=== Section Start ===
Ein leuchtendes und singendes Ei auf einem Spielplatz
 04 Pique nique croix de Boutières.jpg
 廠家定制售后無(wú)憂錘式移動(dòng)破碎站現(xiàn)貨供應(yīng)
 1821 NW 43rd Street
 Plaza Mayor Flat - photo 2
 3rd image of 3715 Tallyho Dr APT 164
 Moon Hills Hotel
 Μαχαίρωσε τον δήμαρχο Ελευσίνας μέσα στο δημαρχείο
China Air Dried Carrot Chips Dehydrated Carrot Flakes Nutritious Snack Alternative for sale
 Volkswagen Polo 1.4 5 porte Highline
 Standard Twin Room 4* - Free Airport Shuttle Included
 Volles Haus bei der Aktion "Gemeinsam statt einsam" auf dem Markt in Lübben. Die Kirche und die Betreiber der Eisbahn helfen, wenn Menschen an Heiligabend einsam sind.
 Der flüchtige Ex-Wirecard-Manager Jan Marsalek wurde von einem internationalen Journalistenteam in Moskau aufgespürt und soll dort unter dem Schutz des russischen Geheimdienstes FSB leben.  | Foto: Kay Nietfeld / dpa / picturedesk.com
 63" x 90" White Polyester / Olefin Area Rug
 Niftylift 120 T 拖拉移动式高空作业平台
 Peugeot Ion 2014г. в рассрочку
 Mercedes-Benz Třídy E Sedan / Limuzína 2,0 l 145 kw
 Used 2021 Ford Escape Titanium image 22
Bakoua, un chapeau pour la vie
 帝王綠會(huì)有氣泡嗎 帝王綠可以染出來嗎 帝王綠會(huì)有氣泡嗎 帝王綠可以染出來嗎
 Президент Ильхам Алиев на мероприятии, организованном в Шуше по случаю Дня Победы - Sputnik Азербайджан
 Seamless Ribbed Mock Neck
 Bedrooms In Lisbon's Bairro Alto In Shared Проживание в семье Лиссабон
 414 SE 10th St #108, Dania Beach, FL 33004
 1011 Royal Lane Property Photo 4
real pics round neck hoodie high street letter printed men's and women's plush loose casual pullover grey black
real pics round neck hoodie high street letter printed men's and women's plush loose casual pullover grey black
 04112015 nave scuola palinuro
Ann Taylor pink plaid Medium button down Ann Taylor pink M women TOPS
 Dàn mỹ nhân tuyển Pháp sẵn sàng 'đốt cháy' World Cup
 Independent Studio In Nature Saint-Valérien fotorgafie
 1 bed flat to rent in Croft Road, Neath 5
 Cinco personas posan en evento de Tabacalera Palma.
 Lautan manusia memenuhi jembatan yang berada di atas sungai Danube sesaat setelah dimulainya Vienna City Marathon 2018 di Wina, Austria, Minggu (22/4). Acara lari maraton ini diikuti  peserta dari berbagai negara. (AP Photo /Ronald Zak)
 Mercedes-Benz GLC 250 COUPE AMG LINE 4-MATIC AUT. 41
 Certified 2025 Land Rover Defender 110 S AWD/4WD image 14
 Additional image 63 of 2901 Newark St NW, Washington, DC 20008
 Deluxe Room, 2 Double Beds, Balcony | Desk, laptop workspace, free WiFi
=== Section End ===
Determine how many lines in the listing above hold the word "Mercedes", and reply with that number only.

▶ _ANSWER BELOW_: 2